*** Source material ***
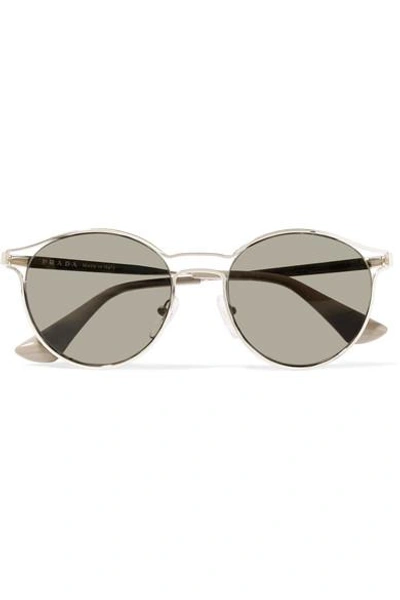 Prada Round-frame Gold-tone Mirrored Sunglasses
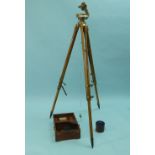 A 19th century brass Theodolite, stamped E. R. Watts & Sons, London, no 13278, in correct fitted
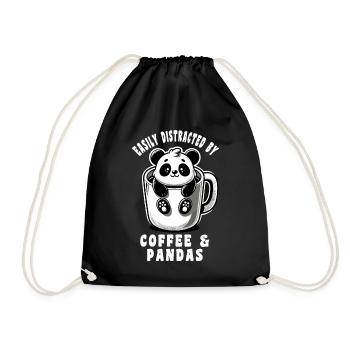 Pandas & Kaffee leicht ablenkbar Kaffee Panda - Turnbeutel - Schwarz - Vorne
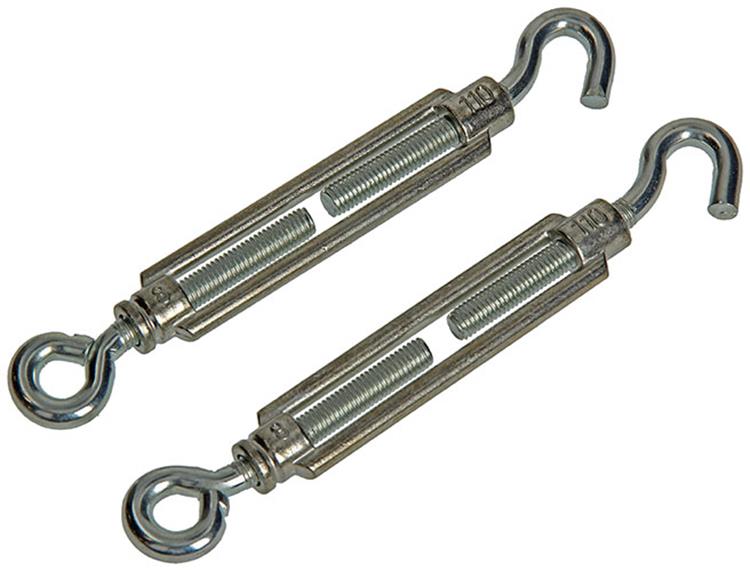 Mack 1008541 - 2 tensores ojo + gancho m8 x 110mm galvanizado | 10 piezas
*** End of Source material ***
Assignment:
Repeat the data above exactly, images excluded.

Solution below:
 Prada Round-frame Gold-tone Mirrored Sunglasses
 A 19th century brass Theodolite, stamped E. R. Watts & Sons, London, no 13278, in correct fitted
 Pandas & Kaffee leicht ablenkbar Kaffee Panda - Turnbeutel - Schwarz - Vorne
 Mack 1008541 - 2 tensores ojo + gancho m8 x 110mm galvanizado | 10 piezas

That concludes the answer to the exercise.